Editorial
Tecnologia para um trânsito mais seguro e eficiente em Ponta Grossa
Da Redação | 10 de julho de 2026 - 01:24
O debate sobre a implantação de novas tecnologias para a gestão do trânsito em Ponta Grossa não pode ser reduzido à velha discussão entre ser favorável ou contrário aos radares. Essa é uma visão simplista de um problema complexo. A cidade cresceu, ampliou sua frota de veículos, tornou-se um dos principais entroncamentos rodoviários do Sul do Brasil e passou a conviver com desafios de mobilidade que exigem soluções modernas, baseadas em dados e inteligência operacional.
A reabertura da licitação de R$ 15,7 milhões para implantação de equipamentos de fiscalização eletrônica, monitoramento e análise do fluxo viário representa uma oportunidade para que o município dê um passo importante na modernização da gestão do trânsito. O investimento precisa ser avaliado pelos resultados que pode proporcionar e não apenas pelo custo financeiro ou pelo número de equipamentos instalados.

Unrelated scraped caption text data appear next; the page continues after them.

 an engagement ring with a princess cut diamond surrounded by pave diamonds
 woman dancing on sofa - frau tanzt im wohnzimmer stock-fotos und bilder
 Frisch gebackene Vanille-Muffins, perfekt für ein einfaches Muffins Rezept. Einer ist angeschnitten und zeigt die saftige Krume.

Ponta Grossa possui características urbanas que tornam a circulação especialmente desafiadora. Boa parte da malha viária foi concebida quando a cidade possuía uma população e uma frota muito inferiores às atuais. Ruas estreitas, cruzamentos complexos, intenso fluxo de caminhões, crescimento acelerado da urbanização e concentração de atividades comerciais fazem com que pequenos incidentes provoquem congestionamentos e aumentem o risco de acidentes.
A expansão da frota registrada nos últimos anos agravou esse cenário. São centenas de milhares de veículos compartilhando um espaço urbano que, em muitos pontos, já não comporta o volume diário de circulação. Soma-se a isso um comportamento preocupante de parcela dos condutores. Os elevados índices de autuações demonstram que ainda há excesso de velocidade, avanço de sinal, desrespeito às regras de circulação e outras infrações que colocam em risco motoristas, motociclistas, ciclistas e pedestres.

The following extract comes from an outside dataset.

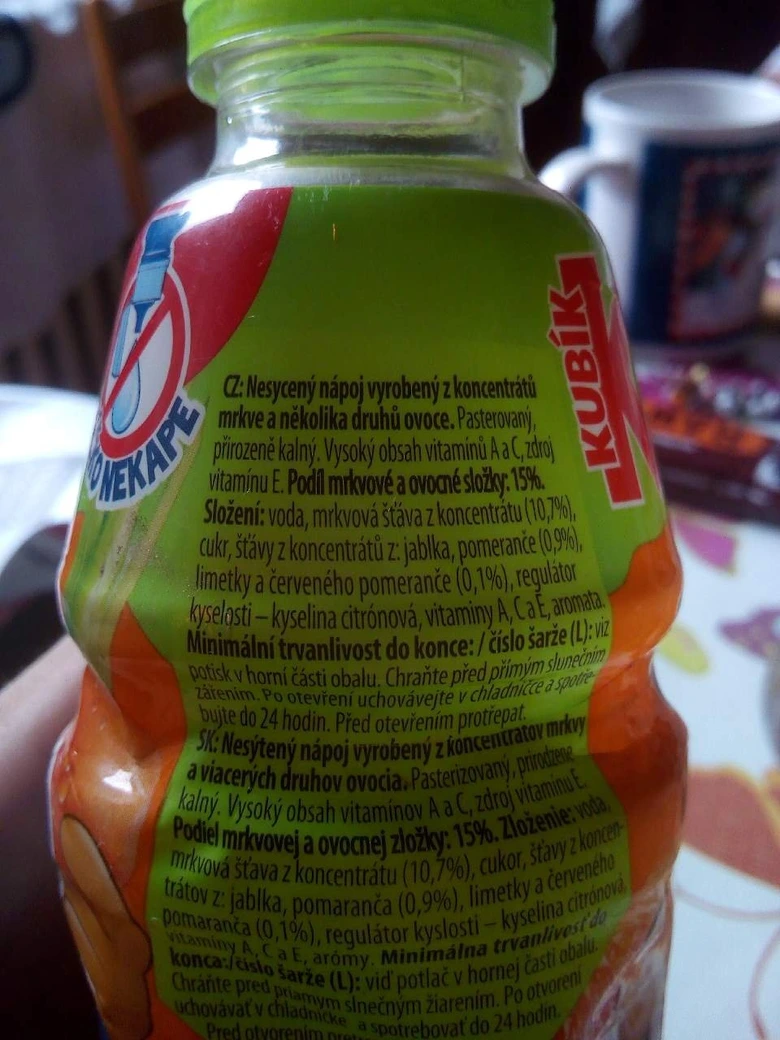 Zelená lahev s nápisem Kubík a složením v češtině.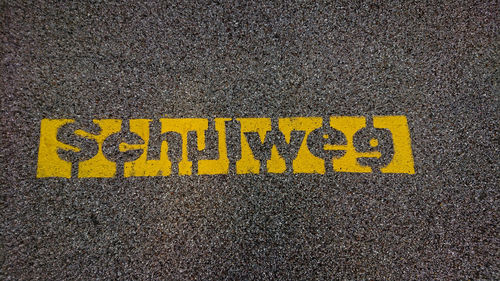 High angle view of yellow sign on road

Nesse contexto, a tecnologia deixa de ser um instrumento meramente arrecadatório para assumir papel estratégico na preservação de vidas. Lombadas eletrônicas, radares inteligentes, câmeras com leitura automática de placas e sistemas de monitoramento em tempo real permitem identificar pontos críticos, orientar intervenções de engenharia, ajustar tempos semafóricos e direcionar ações educativas e de fiscalização.
É evidente que nenhum equipamento resolve sozinho os problemas do trânsito. Educação permanente, melhoria da infraestrutura, sinalização adequada e planejamento urbano continuam sendo pilares fundamentais. Entretanto, administrar uma cidade do porte de Ponta Grossa sem informações qualificadas sobre fluxo, velocidade e comportamento dos veículos significa tomar decisões às cegas.

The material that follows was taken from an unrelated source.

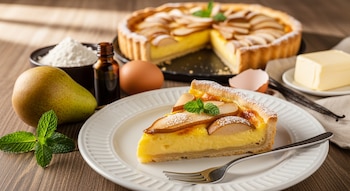 Primer plano de una porción de tarta de peras con crema pastelera y menta. Al fondo, la tarta entera, una pera, harina, huevo, extracto de vainilla y mantequilla.
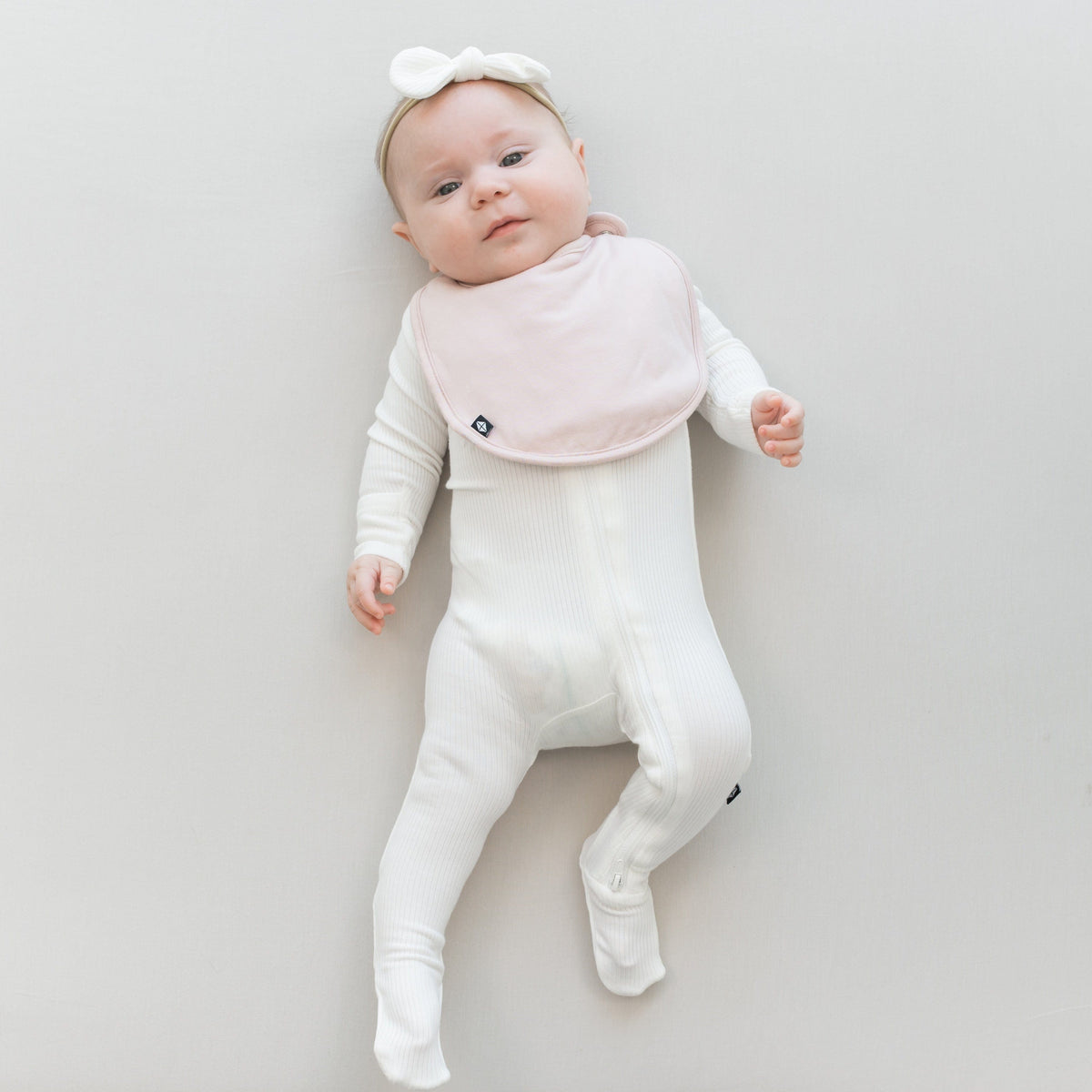 Infant wearing Kyte Baby Cushy Bib in Blush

A fiscalização eletrônica deve ser conduzida com absoluta transparência, critérios técnicos e ampla divulgação dos locais de instalação. Seu objetivo principal precisa ser reduzir acidentes e aumentar a segurança viária, e não ampliar a arrecadação municipal. Quando bem planejada, a tecnologia induz mudanças de comportamento e cria uma cultura de respeito às normas de circulação.
Mais do que instalar radares, Ponta Grossa tem a oportunidade de construir um sistema inteligente de gestão do trânsito. Em uma cidade que cresce continuamente, concentra importantes corredores logísticos e enfrenta limitações estruturais em suas vias, investir em inteligência viária não é luxo. É uma necessidade para tornar a mobilidade mais segura, eficiente e compatível com a realidade de um município que pretende continuar se desenvolvendo sem comprometer a qualidade de vida de seus cidadãos.